Quote from TSGannGalt:

Agreed.

nephos completely missed the point.

Some people here seem to have reading comprehension issues. I was writing about models derived from OHLC analysis like complex price patterns. My point was that you can curve-fit with rules and logic as you can with parameters. It ultimately amounts to the same. You can also parameterize rules with switch-case.

Quote from intradaybill:

There are no parameters available for doing that.

In fact all parameters for those price patterns can be optimized:

1. Action to take like buy or sell
2. Price identifier like open, high, low or close (can be emulated with tick only)
3. Price delay like [0] or [2] or [45] bars ago
4. Relational operator like > or =
5. Logical operator like AND or OR
6. How many (un)equations
7. Order of (un)equations

You can combine several patterns optimized that way to perfectly curve-fit any time series.

TSGannGalt · May 5, 2009

Quote from nephos:

It appears to me the confusion is on your side. OHLC is just a traditional way of sampling the data to save computing resources. You can replace OHLC with tick resolution that contains all information and build the same models, it will just be more difficult to handle. Selection bias happens before everything I was writing about. Selecting the symbol, testing period etc. happens before.

Some people here seem to have reading comprehension issues. I was writing about models derived from OHLC analysis like complex price patterns. My point was that you can curve-fit with rules and logic as you can with parameters. It ultimately amounts to the same. You can also parameterize rules with switch-case.

In fact all parameters for those price patterns can be optimized:

1. Action to take like buy or sell
2. Price identifier like open, high, low or close (can be emulated with tick only)
3. Price delay like [0] or [2] or [45] bars ago
4. Relational operator like > or =
5. Logical operator like AND or OR
6. How many (un)equations
7. Order of (un)equations

You can combine several patterns optimized that way to perfectly curve-fit any time series.

...

1. There is no confusion. You're only lacking the background knowledge in which intradaybill and I are basing our thoughts on.

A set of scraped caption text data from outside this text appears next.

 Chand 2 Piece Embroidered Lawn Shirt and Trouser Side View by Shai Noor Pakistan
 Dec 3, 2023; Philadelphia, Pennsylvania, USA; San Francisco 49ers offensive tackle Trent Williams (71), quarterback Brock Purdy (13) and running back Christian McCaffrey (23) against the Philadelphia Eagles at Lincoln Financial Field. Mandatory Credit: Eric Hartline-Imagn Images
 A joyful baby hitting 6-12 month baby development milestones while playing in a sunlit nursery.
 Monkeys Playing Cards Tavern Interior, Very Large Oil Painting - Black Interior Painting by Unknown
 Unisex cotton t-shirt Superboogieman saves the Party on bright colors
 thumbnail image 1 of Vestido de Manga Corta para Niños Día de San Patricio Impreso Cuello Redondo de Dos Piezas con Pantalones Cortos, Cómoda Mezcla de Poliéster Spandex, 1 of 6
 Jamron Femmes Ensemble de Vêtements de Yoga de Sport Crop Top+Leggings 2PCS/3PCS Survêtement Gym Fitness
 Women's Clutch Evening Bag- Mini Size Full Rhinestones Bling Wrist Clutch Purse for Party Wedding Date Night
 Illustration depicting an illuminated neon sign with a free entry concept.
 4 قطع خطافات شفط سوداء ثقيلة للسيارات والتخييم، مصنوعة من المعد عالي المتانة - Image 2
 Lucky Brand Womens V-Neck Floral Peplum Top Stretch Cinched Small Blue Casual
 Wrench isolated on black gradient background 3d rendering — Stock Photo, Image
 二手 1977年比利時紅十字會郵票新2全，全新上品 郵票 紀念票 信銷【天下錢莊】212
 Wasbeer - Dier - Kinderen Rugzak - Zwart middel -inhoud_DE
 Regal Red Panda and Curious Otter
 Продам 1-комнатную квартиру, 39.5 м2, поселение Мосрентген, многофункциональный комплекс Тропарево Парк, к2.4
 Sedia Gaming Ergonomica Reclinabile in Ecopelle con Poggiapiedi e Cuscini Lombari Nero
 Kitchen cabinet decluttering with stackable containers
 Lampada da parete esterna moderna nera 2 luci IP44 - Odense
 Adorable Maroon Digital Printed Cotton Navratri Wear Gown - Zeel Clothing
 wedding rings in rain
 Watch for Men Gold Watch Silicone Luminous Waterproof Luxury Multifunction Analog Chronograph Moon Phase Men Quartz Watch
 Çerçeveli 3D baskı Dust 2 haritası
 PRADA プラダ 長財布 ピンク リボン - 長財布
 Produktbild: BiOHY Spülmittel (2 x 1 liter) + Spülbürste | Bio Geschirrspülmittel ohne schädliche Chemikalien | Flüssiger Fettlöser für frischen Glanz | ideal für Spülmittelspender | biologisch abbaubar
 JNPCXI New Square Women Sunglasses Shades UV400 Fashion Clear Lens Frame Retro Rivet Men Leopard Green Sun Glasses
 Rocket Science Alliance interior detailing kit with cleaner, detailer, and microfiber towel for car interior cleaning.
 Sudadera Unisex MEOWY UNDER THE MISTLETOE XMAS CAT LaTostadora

2. OHLC != Tick datasets. It's the basic Aristotle plausible reasoning about logic...

If A is true, then B is true. If B is false what is A?

3. Run tests.

4. I'm not your Math teacher and it's rather pointless to discuss this, until you go back and read some books on Probability and Optimization Theory. Some topics are good for discussion but some are not. If you insist on going on... then so be it...

nephos · May 5, 2009

Quote from TSGannGalt:

2. OHLC != Tick datasets. It's the basic Aristotle plausible reasoning about logic...

Any other interval like 358 seconds OHLC or 55 minutes OHLC or 1 year OHLC can be computed out of 1 tick time stamped data. The tick interval contains all information of the higher time frames and 1 tick is C only, not OHLC.

You really seem not to understand that OHLC really is nothing but a data sampling technique that can as well be skipped in model development by using the pure source data. Not my problem though.

newguy05 · May 6, 2009

not to derail this passionate scholar discussion on ohlc

but does anyone know what are some of the key barometers one should use to measure the system. Is there a website or past discussion that list them out along with some explanation. I think most of it is just common sense, like % winner/loss vs positive expectancy etc.. but just want the complete list so i can measure my system.

Also does anyone have problem with IB demo account data to test? I finished coding my wrapper around the IB java api. Everything is great, except the es mini does NOT move in IB demo. I am not talking about the api, just in tws, the bid and ask would stay the same for a good 20 mins. There are constant trades happening that hit either the bid, ask, or mid. But the bid and ask does NOT move for a long time.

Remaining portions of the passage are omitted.